Our penchant for interference has probably always been a part of our national character. We inherited it from our English roots, as Great Britain has been no doubt suffering under the very same illusion for much of its history.

Perhaps that is why Britain's current support -- so far the only support garnered -- in our march toward war with Iraq is more than just a bit historically à propos.

From our less than honest dealings with the first inhabitants of this continent to the disastrous interventions of the last century, America has never lost its taste for these fool hearty adventures.

Need we be reminded of our costly meddling in geographic locations across the globe? We have either stirred the pot from the safety of the shadows or actually risked American lives on every continent and in just about every archipelago on earth.
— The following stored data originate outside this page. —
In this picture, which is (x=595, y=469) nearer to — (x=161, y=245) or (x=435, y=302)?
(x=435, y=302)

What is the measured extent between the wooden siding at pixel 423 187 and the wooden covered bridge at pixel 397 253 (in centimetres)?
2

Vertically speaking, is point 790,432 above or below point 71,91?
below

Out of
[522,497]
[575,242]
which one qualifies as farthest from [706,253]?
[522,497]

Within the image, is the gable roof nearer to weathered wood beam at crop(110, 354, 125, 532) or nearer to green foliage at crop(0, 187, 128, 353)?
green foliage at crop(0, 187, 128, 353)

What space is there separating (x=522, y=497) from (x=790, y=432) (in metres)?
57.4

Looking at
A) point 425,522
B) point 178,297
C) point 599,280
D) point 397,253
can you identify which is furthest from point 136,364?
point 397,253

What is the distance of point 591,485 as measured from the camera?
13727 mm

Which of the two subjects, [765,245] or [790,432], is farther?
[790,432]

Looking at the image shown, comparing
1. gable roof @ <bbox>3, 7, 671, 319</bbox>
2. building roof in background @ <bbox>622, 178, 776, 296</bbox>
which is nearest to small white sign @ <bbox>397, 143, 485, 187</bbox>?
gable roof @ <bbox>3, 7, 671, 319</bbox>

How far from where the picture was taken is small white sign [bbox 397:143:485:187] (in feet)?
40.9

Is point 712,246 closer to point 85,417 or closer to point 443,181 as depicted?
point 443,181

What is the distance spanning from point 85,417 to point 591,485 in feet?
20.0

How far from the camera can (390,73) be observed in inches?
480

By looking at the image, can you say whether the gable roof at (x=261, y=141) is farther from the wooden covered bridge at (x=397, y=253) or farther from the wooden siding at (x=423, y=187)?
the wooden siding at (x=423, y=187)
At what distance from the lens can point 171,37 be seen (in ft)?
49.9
Just the fiascoes here in our own hemisphere would fill the pages of a book the size of War and Peace.

There is not a single country in Central America that has escaped our fiddling, from our fake popular uprising in a province in Colombia, known as Panama, in order to swing a deal to build an intra-ocean canal, to the overthrow of an elected government in Guatemala because our banana monopoly was in danger and just about every crossroads in between.
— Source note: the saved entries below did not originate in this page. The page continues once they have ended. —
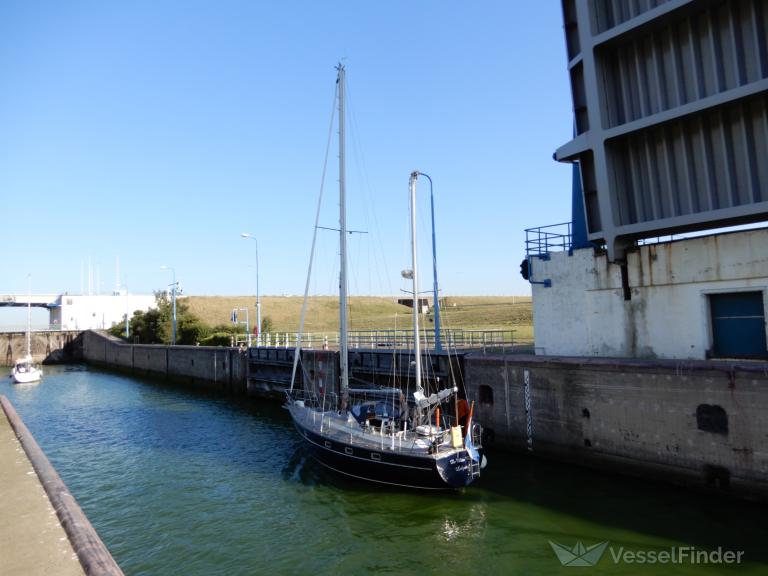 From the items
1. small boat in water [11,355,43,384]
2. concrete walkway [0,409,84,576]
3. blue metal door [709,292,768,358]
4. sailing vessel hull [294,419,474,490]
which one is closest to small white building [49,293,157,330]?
small boat in water [11,355,43,384]

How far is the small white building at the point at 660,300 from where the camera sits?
16.8 meters

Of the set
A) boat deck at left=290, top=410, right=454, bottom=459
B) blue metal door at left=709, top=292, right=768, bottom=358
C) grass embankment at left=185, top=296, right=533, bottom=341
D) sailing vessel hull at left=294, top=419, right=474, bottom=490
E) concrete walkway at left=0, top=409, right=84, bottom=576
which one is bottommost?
sailing vessel hull at left=294, top=419, right=474, bottom=490

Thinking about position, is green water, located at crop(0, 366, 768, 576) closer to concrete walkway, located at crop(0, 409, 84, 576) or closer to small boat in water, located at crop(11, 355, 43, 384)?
concrete walkway, located at crop(0, 409, 84, 576)

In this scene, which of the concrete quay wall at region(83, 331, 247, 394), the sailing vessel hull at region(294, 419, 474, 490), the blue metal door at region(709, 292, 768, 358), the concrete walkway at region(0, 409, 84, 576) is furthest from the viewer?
the concrete quay wall at region(83, 331, 247, 394)

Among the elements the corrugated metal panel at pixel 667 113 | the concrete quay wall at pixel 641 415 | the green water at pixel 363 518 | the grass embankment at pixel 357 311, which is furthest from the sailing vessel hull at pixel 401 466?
the grass embankment at pixel 357 311

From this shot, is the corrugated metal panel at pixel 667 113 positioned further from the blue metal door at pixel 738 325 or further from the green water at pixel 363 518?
the green water at pixel 363 518

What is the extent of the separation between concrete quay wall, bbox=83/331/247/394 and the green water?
745 inches

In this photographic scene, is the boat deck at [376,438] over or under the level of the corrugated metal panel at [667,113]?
under

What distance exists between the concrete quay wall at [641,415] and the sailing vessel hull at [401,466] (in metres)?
4.89

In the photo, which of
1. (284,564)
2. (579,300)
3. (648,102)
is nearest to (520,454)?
(579,300)

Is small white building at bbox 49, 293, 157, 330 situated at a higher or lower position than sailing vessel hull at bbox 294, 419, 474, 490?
higher

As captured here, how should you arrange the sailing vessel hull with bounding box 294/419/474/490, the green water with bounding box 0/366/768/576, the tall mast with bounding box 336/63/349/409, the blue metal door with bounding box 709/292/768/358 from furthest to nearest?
the tall mast with bounding box 336/63/349/409 → the blue metal door with bounding box 709/292/768/358 → the sailing vessel hull with bounding box 294/419/474/490 → the green water with bounding box 0/366/768/576

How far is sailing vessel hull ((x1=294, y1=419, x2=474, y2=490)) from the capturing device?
51.2 ft

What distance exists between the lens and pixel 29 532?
9203 mm
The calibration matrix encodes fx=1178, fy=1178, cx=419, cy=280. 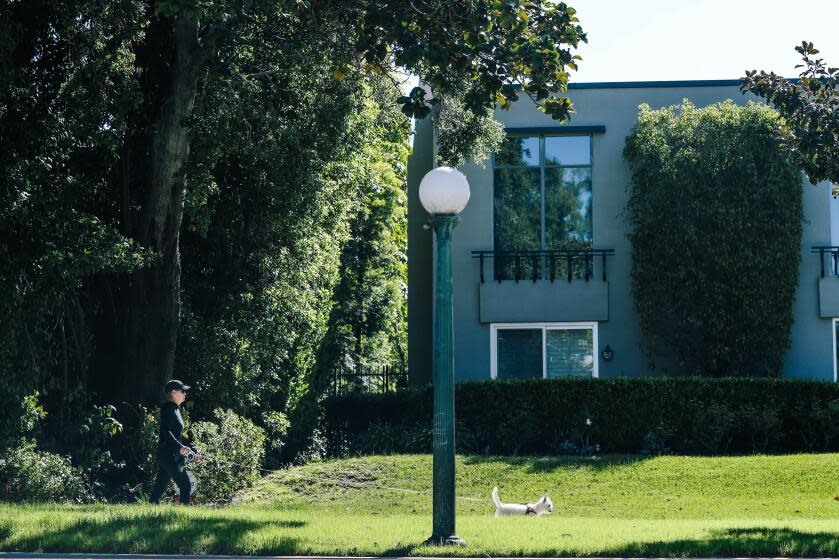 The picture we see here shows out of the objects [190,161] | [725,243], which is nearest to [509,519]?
[190,161]

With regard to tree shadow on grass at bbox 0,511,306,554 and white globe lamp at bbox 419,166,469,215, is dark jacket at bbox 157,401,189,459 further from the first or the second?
white globe lamp at bbox 419,166,469,215

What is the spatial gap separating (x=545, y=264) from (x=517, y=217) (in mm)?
1099

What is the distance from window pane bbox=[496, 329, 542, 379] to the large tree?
7688 mm

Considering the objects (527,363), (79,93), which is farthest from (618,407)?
(79,93)

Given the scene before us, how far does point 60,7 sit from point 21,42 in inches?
27.9

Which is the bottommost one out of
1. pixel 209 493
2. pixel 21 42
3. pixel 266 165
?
pixel 209 493

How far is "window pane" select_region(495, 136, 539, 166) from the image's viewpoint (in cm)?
2369

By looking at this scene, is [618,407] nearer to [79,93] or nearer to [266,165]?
[266,165]

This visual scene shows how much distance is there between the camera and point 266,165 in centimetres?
1816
We've had our bloody hands in the coup and murder of a popularly elected Marxist in Chile that placed the reins of power in the hands of a butcher by the name of Pinochet . Our fingerprints were also all over the murder weapon that ended the life of the Congo's Patrice Lamumba.

In the most painful of these incidents, we flatly went against international convention and refused to allow a scheduled election to reunite the two Vietnams (North and South) which was part of the agreement ending the French Indochina War.

We did this in order to assure that our puppet Ngo Dien Diem, as opposed to Ho Chi Minh, could maintain control in the South with our considerable help.

Then we end up dumping him into the hands of a few murderous army officers a few years later because he wasn't doing a good enough job to suit us.

So we still wind up expending 58,000 American lives over more than a decade for an outcome that would have saved everybody a lot of devastation and grief 20 years earlier.

This won't even be the first time we've gone after such a ''regime change'' in Iraq's corner of the world. In the 1950s we engineered a coup to oust a socialist-leaning prime minister in Iran, supported the resurgence of the Shah Pelavi only to suffer the popular uprising that brought Islamic fanatics back to power in the late 1970s.

That's not the first time that happened. In Cambodia we helped another regime, that of Gen. Lon Nol, who proved as inept at political power as he was at the practice of military skills, oust Prince Norodum Sianouk because we didn't like the way he was handling things, only to condemn those people to the deadly utopian ideas of one Saluth Sar (Pol Pot). That fiddling cost an estimated 2 million Cambodian lives.

We've even sworn to change the Marxist regime of Cuba, a boast we've kept floating for the last 40 years. But boast seems to be all we can do since we left upwards of 1,200 Cuban exiles -- many of whom were simply reentering an island they were chased off of as henchmen for the brutal dictator (Batista) who preceded Fidel Castro -- to their fate at the ''regime change'' operation known as the Bay of Pigs.

Come to think of it, in all the long sordid history of American foreign adventures there is scarcely an instance where our obsession with ''regime change'' has worked out anything close to the way it was advertised when we set out.

And in more than a few of those instances we were such abject failures that the outcome was the exact opposite of the one we so nobly laid out at its start.

You know, about the only time such bold political/military action ever worked out to even the slightest resemblance of something like our favor was when we decided for ourselves to exchange a king for our current republican form of government.

And even that certainly remains a work in progress with more than its share of major craters in the long and winding road.

But the key phrase in this entire historic adventure of ours over the last 226 years is ''DECIDED FOR OURSELVES.''

What we forget when we get up on our white charger every few years or so, is that no power on this earth can make that decision for another people regardless of the dire circumstances those people may find themselves in.

Not even the United States of America can install democracy at the point of a bayonet.